Record set:
*** Block opens ***

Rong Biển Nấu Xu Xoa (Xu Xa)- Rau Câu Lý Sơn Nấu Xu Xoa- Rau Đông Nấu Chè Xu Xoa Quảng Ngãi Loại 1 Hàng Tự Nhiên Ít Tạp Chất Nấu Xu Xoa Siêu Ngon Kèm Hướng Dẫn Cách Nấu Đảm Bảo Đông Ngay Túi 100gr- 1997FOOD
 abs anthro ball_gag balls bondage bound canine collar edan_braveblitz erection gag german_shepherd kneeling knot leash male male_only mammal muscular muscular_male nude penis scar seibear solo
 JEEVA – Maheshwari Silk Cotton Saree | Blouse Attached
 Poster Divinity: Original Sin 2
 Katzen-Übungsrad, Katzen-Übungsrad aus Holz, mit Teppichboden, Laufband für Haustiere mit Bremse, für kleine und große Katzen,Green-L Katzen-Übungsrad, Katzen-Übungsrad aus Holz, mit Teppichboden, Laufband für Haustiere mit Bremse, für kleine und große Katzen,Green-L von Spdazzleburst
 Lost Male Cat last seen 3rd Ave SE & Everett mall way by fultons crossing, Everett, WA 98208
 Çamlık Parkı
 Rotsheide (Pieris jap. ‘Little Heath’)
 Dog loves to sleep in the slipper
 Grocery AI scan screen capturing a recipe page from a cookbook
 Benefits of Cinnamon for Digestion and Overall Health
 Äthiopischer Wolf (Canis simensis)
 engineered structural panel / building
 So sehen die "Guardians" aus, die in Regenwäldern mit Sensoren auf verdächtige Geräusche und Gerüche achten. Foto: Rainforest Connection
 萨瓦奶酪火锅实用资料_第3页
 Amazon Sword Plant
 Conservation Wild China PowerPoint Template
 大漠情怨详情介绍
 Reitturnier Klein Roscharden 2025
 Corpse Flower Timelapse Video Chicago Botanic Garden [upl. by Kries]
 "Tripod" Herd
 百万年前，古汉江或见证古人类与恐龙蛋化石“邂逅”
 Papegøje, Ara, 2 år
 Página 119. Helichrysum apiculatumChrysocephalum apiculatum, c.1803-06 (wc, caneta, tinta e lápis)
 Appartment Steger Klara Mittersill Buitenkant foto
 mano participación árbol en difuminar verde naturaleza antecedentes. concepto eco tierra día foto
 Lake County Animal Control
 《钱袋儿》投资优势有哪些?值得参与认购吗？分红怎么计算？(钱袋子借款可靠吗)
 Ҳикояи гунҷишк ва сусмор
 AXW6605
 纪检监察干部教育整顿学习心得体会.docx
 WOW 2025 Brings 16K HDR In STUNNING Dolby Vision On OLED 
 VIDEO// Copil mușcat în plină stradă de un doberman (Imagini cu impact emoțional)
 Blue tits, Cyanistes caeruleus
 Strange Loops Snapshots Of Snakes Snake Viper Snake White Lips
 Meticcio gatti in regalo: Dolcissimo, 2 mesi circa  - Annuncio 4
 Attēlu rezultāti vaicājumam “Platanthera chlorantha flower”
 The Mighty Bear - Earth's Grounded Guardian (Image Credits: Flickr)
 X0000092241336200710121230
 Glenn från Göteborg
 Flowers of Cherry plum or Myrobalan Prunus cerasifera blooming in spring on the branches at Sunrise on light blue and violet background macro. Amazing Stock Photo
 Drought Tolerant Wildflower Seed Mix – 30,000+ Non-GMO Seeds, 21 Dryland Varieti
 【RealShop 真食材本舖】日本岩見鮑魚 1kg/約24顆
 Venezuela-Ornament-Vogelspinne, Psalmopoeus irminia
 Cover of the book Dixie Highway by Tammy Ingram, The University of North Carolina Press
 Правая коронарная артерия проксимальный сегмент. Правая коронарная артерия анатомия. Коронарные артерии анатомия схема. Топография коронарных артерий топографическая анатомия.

*** Block closes ***

Required work:
Beginning with the line containing "Página 119. Helichrysum" in the material above, copy every line exactly until you have copied the line containing "Cover of the".

Written response:
 Página 119. Helichrysum apiculatumChrysocephalum apiculatum, c.1803-06 (wc, caneta, tinta e lápis)
 Appartment Steger Klara Mittersill Buitenkant foto
 mano participación árbol en difuminar verde naturaleza antecedentes. concepto eco tierra día foto
 Lake County Animal Control
 《钱袋儿》投资优势有哪些?值得参与认购吗？分红怎么计算？(钱袋子借款可靠吗)
 Ҳикояи гунҷишк ва сусмор
 AXW6605
 纪检监察干部教育整顿学习心得体会.docx
 WOW 2025 Brings 16K HDR In STUNNING Dolby Vision On OLED 
 VIDEO// Copil mușcat în plină stradă de un doberman (Imagini cu impact emoțional)
 Blue tits, Cyanistes caeruleus
 Strange Loops Snapshots Of Snakes Snake Viper Snake White Lips
 Meticcio gatti in regalo: Dolcissimo, 2 mesi circa  - Annuncio 4
 Attēlu rezultāti vaicājumam “Platanthera chlorantha flower”
 The Mighty Bear - Earth's Grounded Guardian (Image Credits: Flickr)
 X0000092241336200710121230
 Glenn från Göteborg
 Flowers of Cherry plum or Myrobalan Prunus cerasifera blooming in spring on the branches at Sunrise on light blue and violet background macro. Amazing Stock Photo
 Drought Tolerant Wildflower Seed Mix – 30,000+ Non-GMO Seeds, 21 Dryland Varieti
 【RealShop 真食材本舖】日本岩見鮑魚 1kg/約24顆
 Venezuela-Ornament-Vogelspinne, Psalmopoeus irminia
 Cover of the book Dixie Highway by Tammy Ingram, The University of North Carolina Press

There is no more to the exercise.